Their presence demonstrated once again that the regime had failed to silence the voices of those calling for the end of apartheid.

Since the banning of the African National Congress (ANC) and the Pan Africanist Congress (PAC) in 1960 and the jailing of political leaders, new organisations and new leaders had sprung up in their place.

Most of those thronging the streets of Cape Town in protest that day had experienced the brutality of apartheid. They would continue to struggle against the system of racial oppression and vowed that imprisonment, killings, torture and mass detention would not deter them.

By the time they reached the city centre, word had reached the leaders addressing them from a flatbed truck that a few streets away in Parliament President FW de Klerk had unbanned the ANC, PAC and other organisations.
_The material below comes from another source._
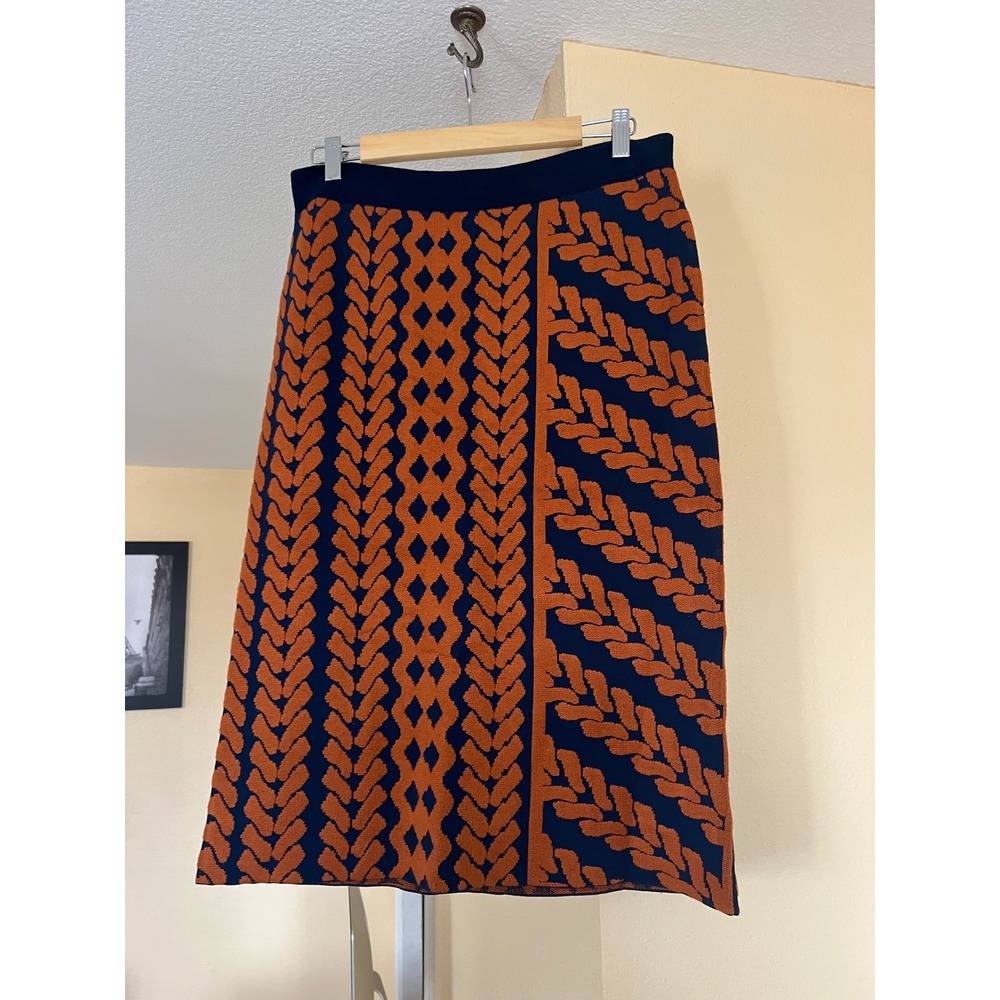 Women's Large Anthropologie Maeve Orange and Navy Pencil Skirt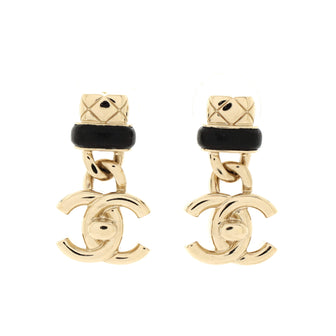 Chanel CC Turnlock Drop Earrings Metal with Leather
Inside the austere National Assembly building, one sentence had changed everything: “The prohibition on the African National Congress, the Pan Africanist Congress, the South African Communist Party and a number of subsidiary organisations is being rescinded.”

These words were uttered by De Klerk towards the end of his State of the Nation address at the opening of South Africa’s Parliament. A phrase so short that in the social media revolution to come, it would almost have fitted into a single tweet. Certainly that sentence changed the face of politics in South Africa.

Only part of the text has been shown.